::: Records for the exercise
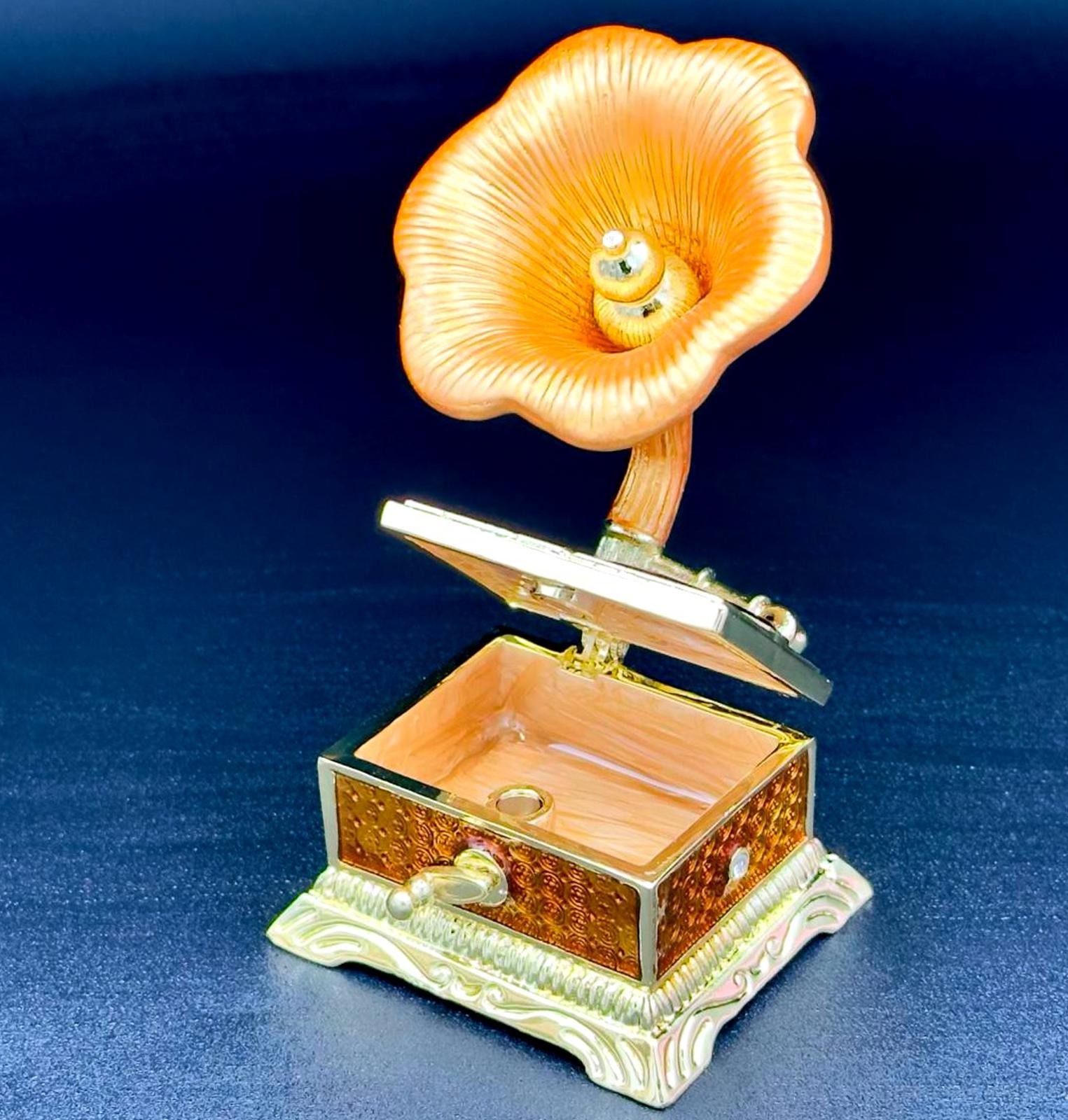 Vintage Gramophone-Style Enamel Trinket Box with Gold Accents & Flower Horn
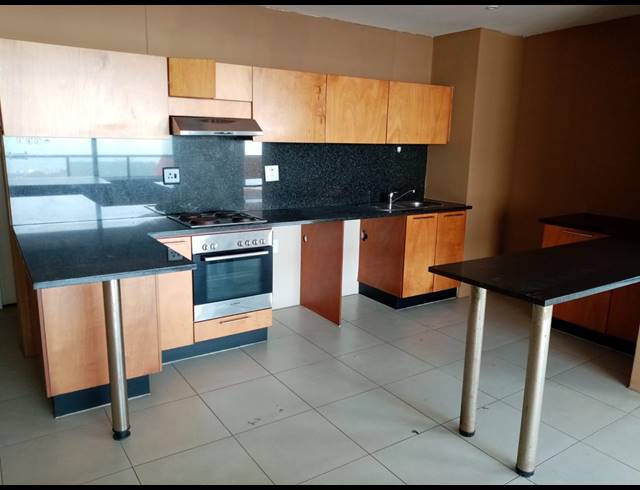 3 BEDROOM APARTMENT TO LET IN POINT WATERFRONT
::::::
::: Records for the exercise
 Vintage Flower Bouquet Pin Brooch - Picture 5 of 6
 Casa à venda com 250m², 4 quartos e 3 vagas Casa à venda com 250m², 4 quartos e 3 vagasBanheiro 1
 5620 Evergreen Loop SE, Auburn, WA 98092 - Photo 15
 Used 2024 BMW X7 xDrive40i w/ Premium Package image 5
::::::
What do the lines above say from the one containing "Vintage Flower Bouquet" down to the one containing "Used 2024 BMW"? Return them exactly, both end lines included, and only them.

▸ Exercise output:
 Vintage Flower Bouquet Pin Brooch - Picture 5 of 6
 Casa à venda com 250m², 4 quartos e 3 vagas Casa à venda com 250m², 4 quartos e 3 vagasBanheiro 1
 5620 Evergreen Loop SE, Auburn, WA 98092 - Photo 15
 Used 2024 BMW X7 xDrive40i w/ Premium Package image 5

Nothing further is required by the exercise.